Segment Start: RECORDS FOR THIS TASK

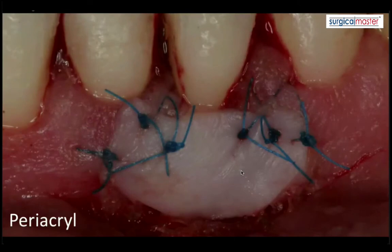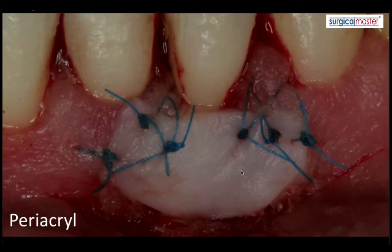You can see that the soft tissue graft looks almost frosted because it's glued in. Be careful with the Periacryl — if you put too much, you can have the patient's lip glued onto the graft or the teeth. So just a couple of little drops.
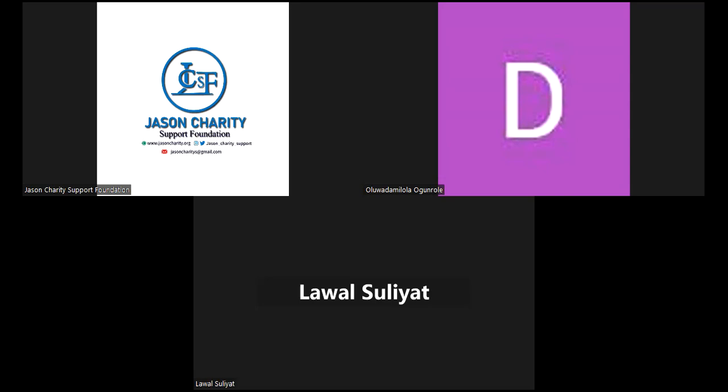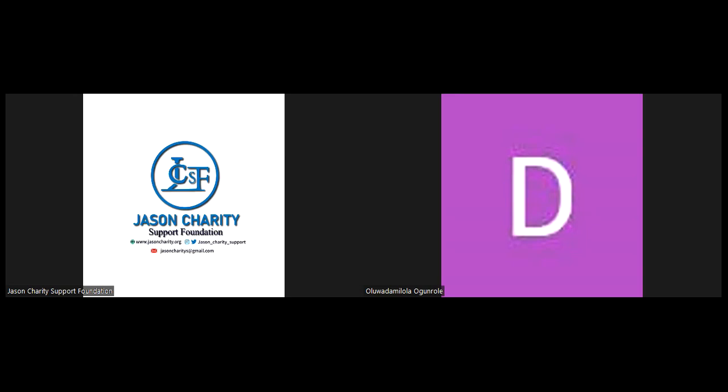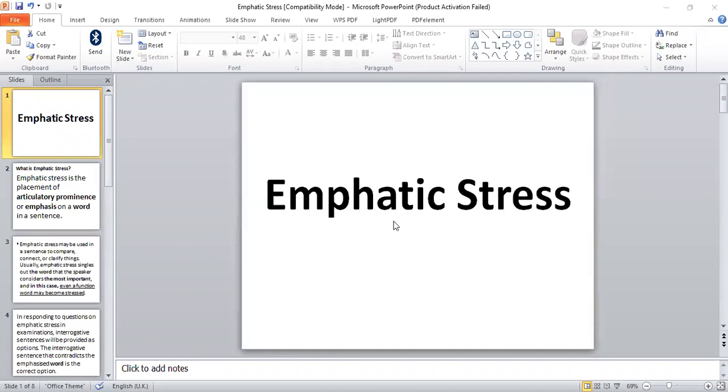To identify words that are stressed in English, content words are the words that are stressed while structure words are not stressed. Content words are words that can be modified as a result of what we are talking about. Today we'll be dealing with emphatic stress - that is where our focus will be. Now, what does emphatic stress mean?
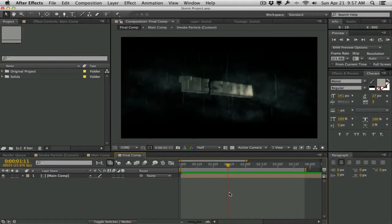Hey guys, welcome back. Today in this lesson we're going to be taking a look at how to create a storm animation within After Effects, primarily using Element 3D and Trapcode Particular. Before we get started, let's take a look at what we're going to be creating today.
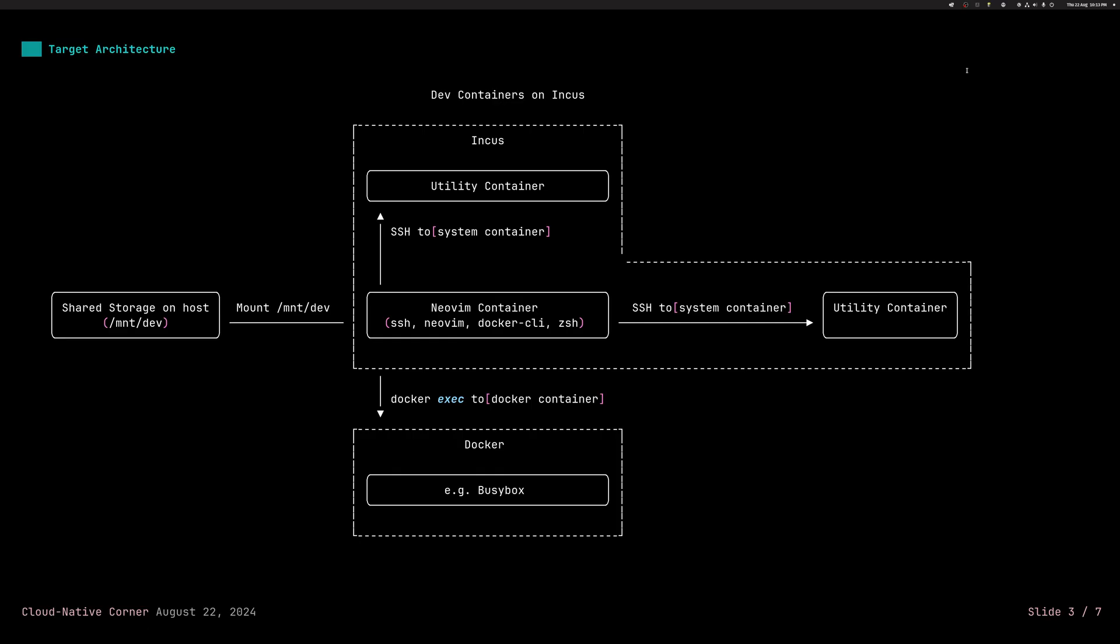However, we can also use Docker since we have a Docker CLI and we can connect to our host Docker system and we can run anything that Docker offers. So we can run single applications, web servers or whatever we want. So this gives us enough flexibility to connect to various containers from inside of our main workspace container and then execute various tasks. So that's the idea.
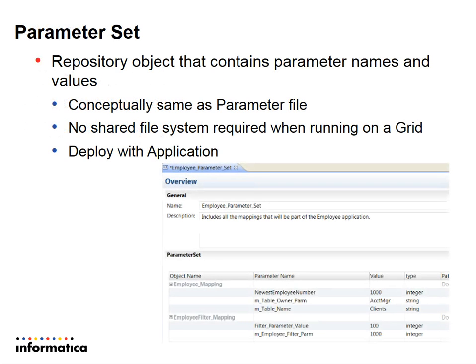Parameter set is an MRS object that contains list of parameter names and its values. Parameter set is conceptually same as a parameter file.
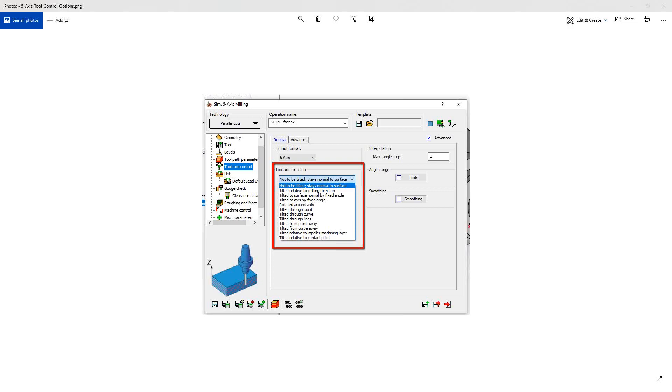Welcome to the SolidCAM University channel. This video is the next in a series of videos covering the tool axis control options in the simultaneous 5-axis toolpath.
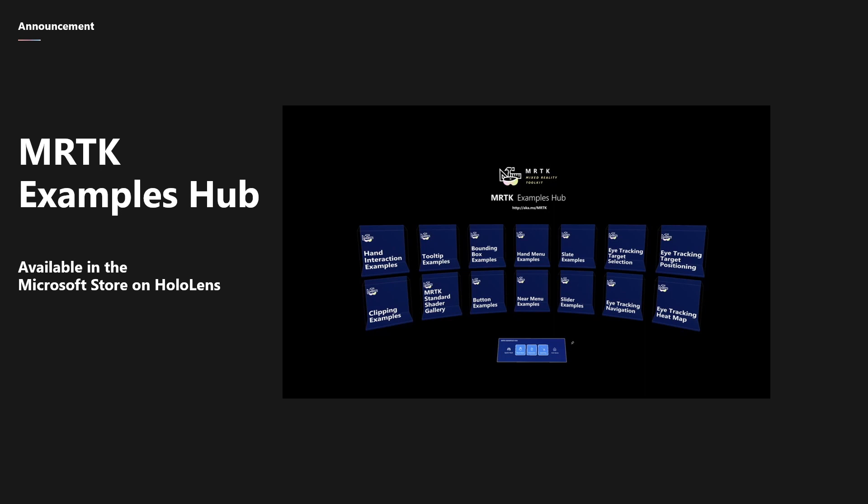You can download this from the Microsoft Store onto your HoloLens device and get started today. Now if you don't have a HoloLens yet, you can also check out the MRTK GitHub page for instructions on how to download this to your computer so you can load it into Unity and try it out there.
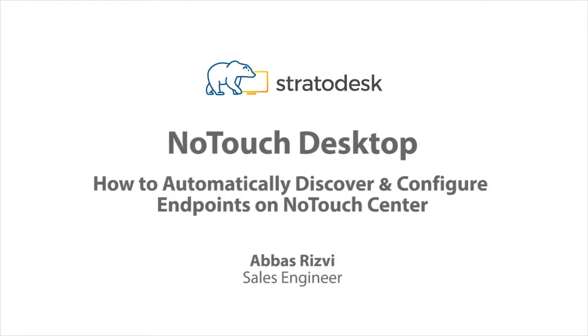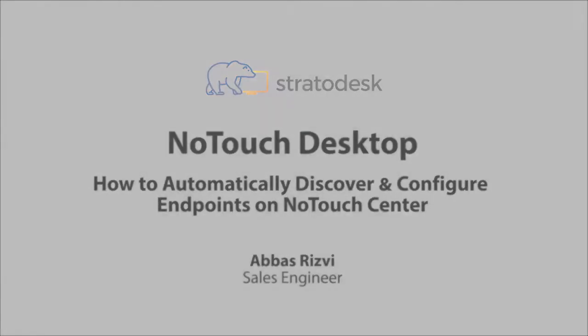Hello everyone. Using No-Touch Center, you can automatically discover and configure endpoints in your VDI. In the following video, learn how this is done from our sales engineer, Abbas.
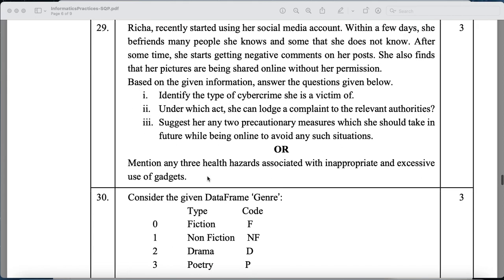The next part of Question 29 asks to mention any three health hazards associated with inappropriate and excessive use of gadgets. You can mention: eye strain, muscle pain, poor memory, and lack of sleep. Any three of these are acceptable.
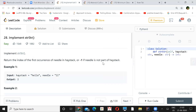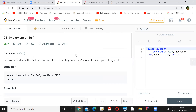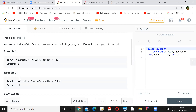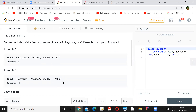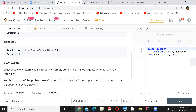The first question is to implement strStr. You need to return the index of the first occurrence of needle in the haystack, or minus one if the needle is not part of the haystack. For example, if haystack is 'hello' and needle is 'll', it starts at position two, so return two. If the needle is not found, return minus one. If needle is empty, return zero.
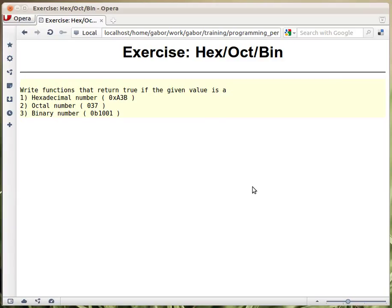Let's see how we can recognize if a string is a hexadecimal, octal, or binary number.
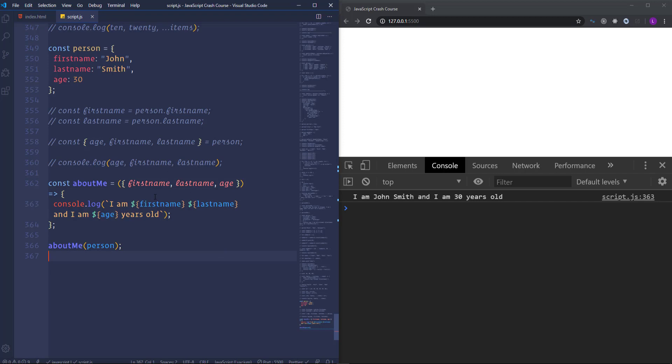Alright. So that's it about destructuring. And actually we are done with our JavaScript crash course.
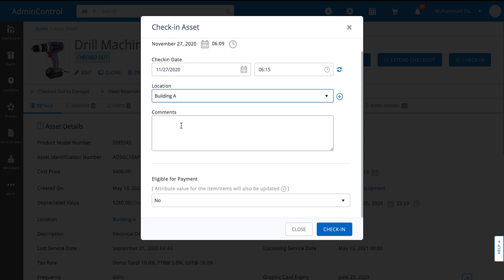We also have the location at which the item can be at once you check it in, comments, and if there's a custom field for the item you can also have that shown on the check-in page.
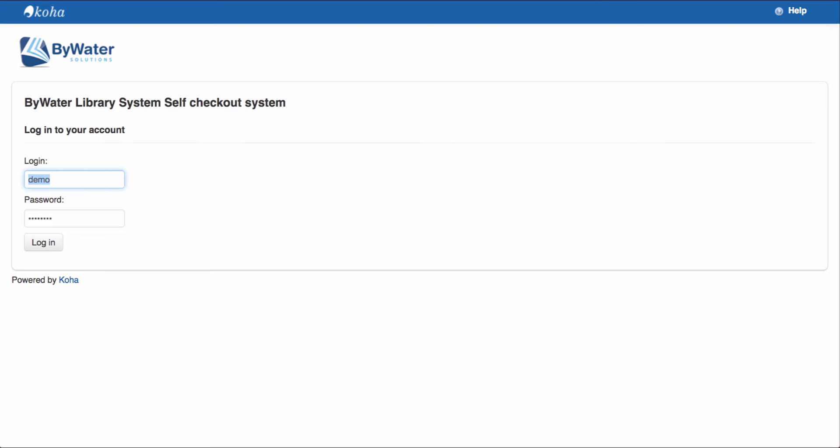Now that we have our self-check pulled up, let's log in as a patron. So now I'm going to come over here. It says Bywater Library System Self-Checkout. I'll enter my username and password and then come in and log in.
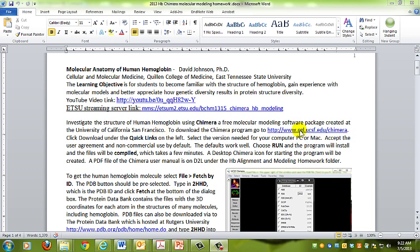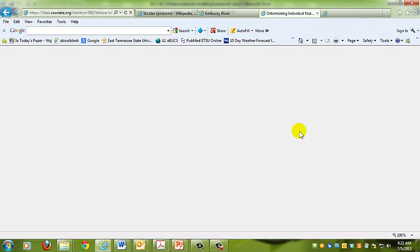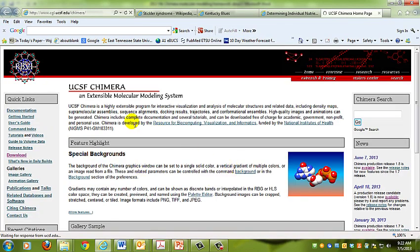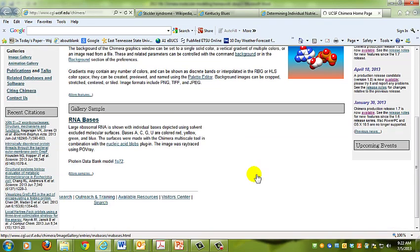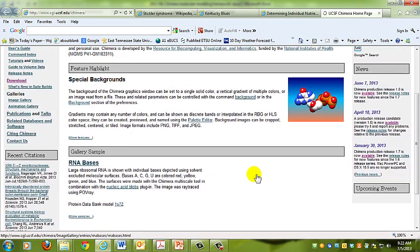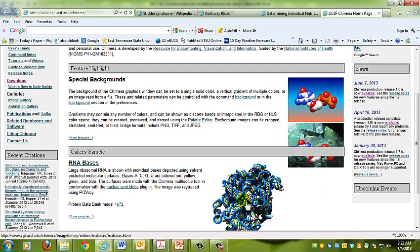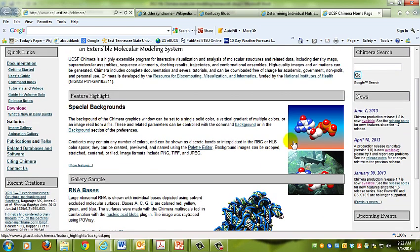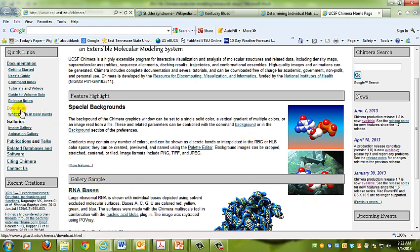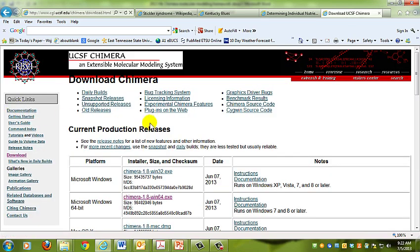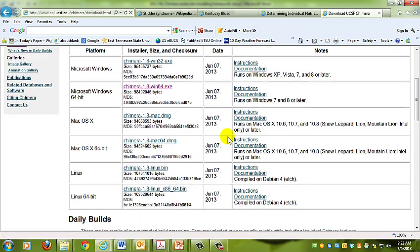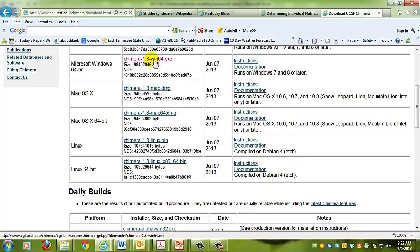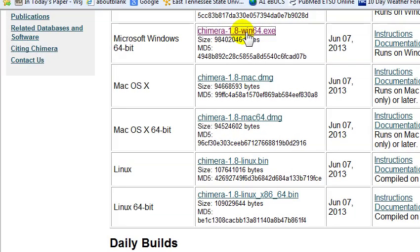We're going to control and click on this link, which will take us to the website for Chimera. You can see they talk about RNA and different things, they have gallery samples and pictures. We're going to go to the download page. You can see there are various versions of Chimera you can download. Since I have a 64-bit PC running Windows 7, I'll pick this one here.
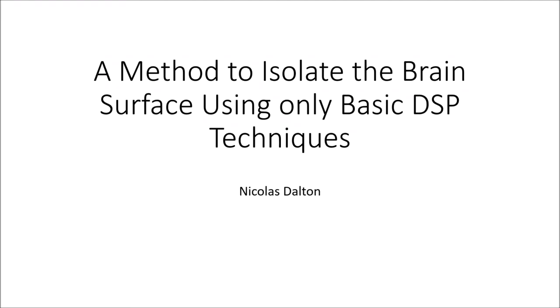Hello, I will be describing a method for isolating the surface of the brain from MRI images using only basic digital signal processing techniques.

Segment End: RECORDS FOR THIS TASK

* GOAL OF THE EXERCISE *
Write out, word for word, the stretch of entries that begins at the line with "However, we can" and ends at the line with "Parameter set is an". Pictures do not belong in it.

* OUTPUT FOR THIS EXERCISE *
However, we can also use Docker since we have a Docker CLI and we can connect to our host Docker system and we can run anything that Docker offers. So we can run single applications, web servers or whatever we want. So this gives us enough flexibility to connect to various containers from inside of our main workspace container and then execute various tasks. So that's the idea.
Parameter set is an MRS object that contains list of parameter names and its values. Parameter set is conceptually same as a parameter file.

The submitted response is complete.